Task brief: Repeat the data that follows, keeping every character intact.

--------

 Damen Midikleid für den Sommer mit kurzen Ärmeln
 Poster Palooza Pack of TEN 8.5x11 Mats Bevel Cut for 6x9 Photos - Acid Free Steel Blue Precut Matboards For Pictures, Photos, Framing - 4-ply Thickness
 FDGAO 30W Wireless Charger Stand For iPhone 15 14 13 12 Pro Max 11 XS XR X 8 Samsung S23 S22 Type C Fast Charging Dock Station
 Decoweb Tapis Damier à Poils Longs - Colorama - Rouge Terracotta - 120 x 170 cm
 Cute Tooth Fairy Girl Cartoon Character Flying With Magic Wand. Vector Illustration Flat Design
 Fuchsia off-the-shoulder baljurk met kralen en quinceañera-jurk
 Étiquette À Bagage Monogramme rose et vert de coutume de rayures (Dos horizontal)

--------

Your response:
 Damen Midikleid für den Sommer mit kurzen Ärmeln
 Poster Palooza Pack of TEN 8.5x11 Mats Bevel Cut for 6x9 Photos - Acid Free Steel Blue Precut Matboards For Pictures, Photos, Framing - 4-ply Thickness
 FDGAO 30W Wireless Charger Stand For iPhone 15 14 13 12 Pro Max 11 XS XR X 8 Samsung S23 S22 Type C Fast Charging Dock Station
 Decoweb Tapis Damier à Poils Longs - Colorama - Rouge Terracotta - 120 x 170 cm
 Cute Tooth Fairy Girl Cartoon Character Flying With Magic Wand. Vector Illustration Flat Design
 Fuchsia off-the-shoulder baljurk met kralen en quinceañera-jurk
 Étiquette À Bagage Monogramme rose et vert de coutume de rayures (Dos horizontal)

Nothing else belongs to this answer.